Data supplied:
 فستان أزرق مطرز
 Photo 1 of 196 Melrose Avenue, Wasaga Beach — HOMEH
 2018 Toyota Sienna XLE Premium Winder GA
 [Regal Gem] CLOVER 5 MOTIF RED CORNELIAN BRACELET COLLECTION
---
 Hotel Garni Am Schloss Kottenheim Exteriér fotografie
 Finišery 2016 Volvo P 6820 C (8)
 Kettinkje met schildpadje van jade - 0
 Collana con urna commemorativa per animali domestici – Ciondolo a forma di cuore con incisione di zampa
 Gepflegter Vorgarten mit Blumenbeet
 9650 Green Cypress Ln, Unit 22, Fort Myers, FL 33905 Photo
* * *
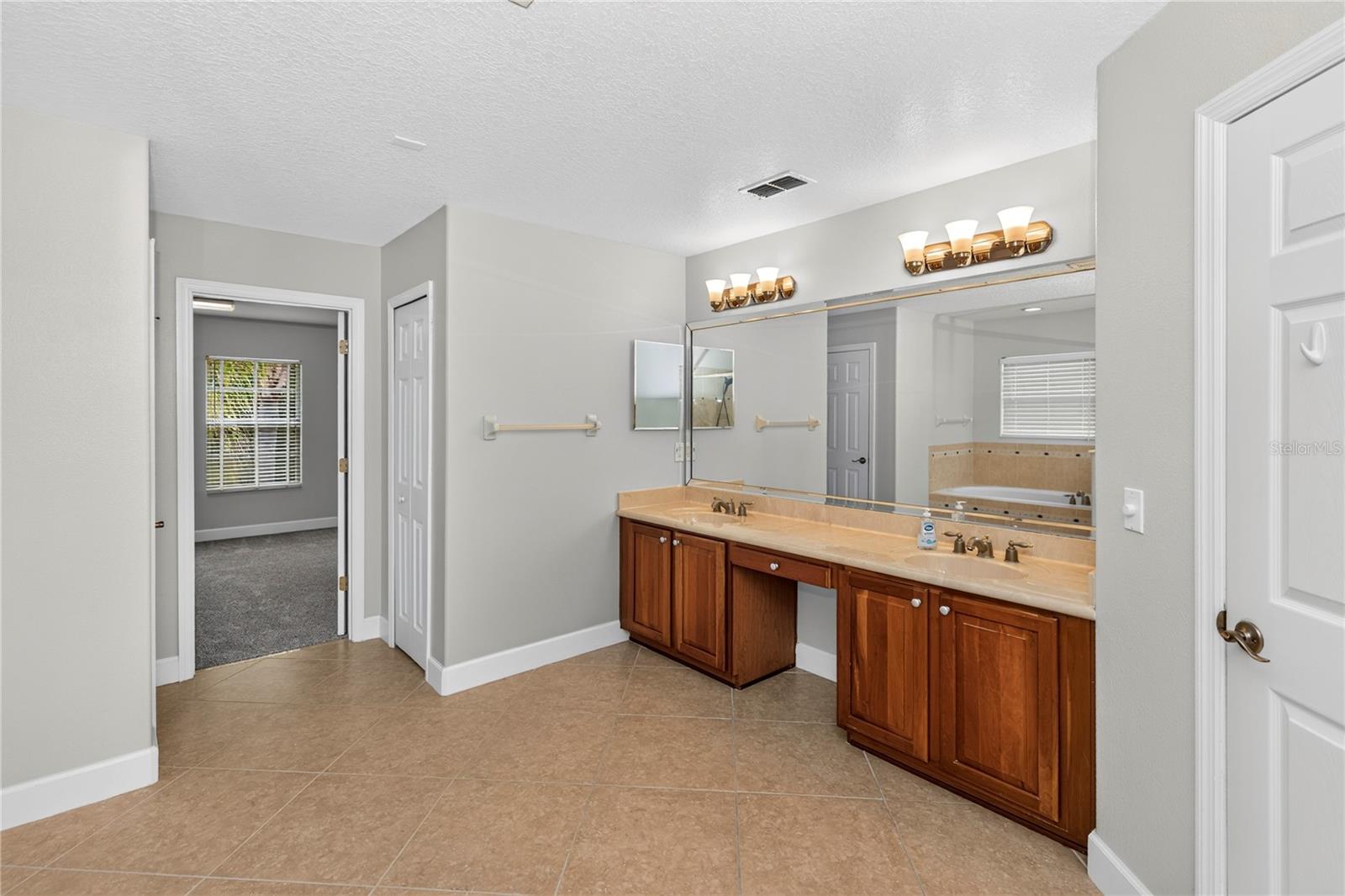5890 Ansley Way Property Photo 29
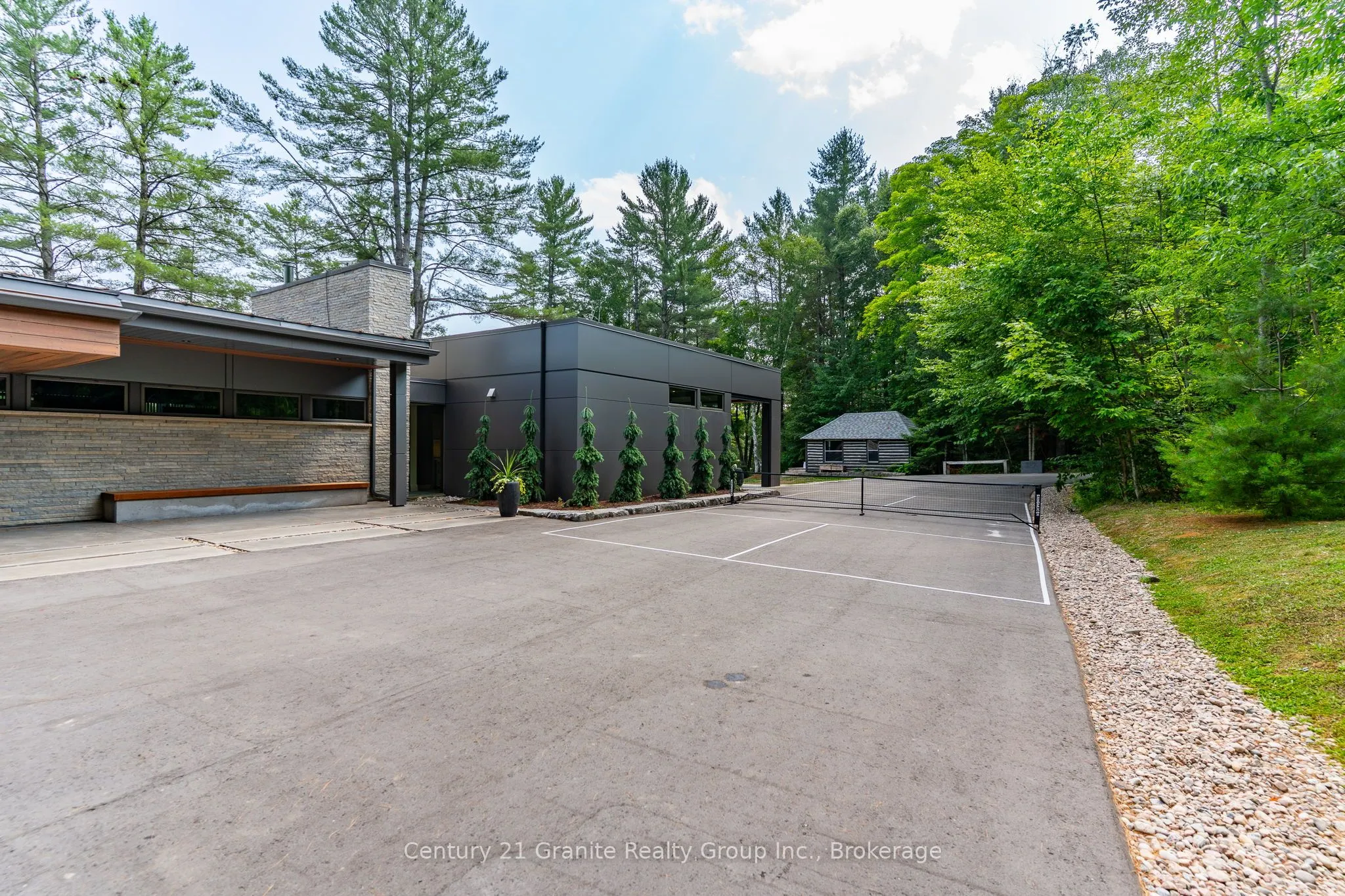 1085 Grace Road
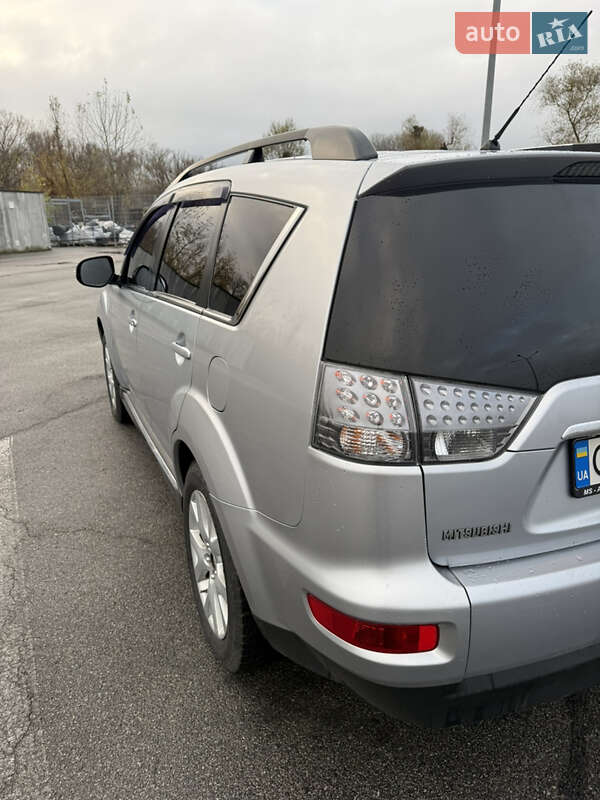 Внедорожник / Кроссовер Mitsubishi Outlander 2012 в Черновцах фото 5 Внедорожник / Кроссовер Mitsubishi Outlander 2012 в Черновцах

What is needed: Reproduce exactly the lines of the data above that run from the line with "1085 Grace Road" down to the line with "в Черновцах фото", both ends included. Pictures do not belong in the copy.

Result of this exercise:
 1085 Grace Road
 Внедорожник / Кроссовер Mitsubishi Outlander 2012 в Черновцах фото 5 Внедорожник / Кроссовер Mitsubishi Outlander 2012 в Черновцах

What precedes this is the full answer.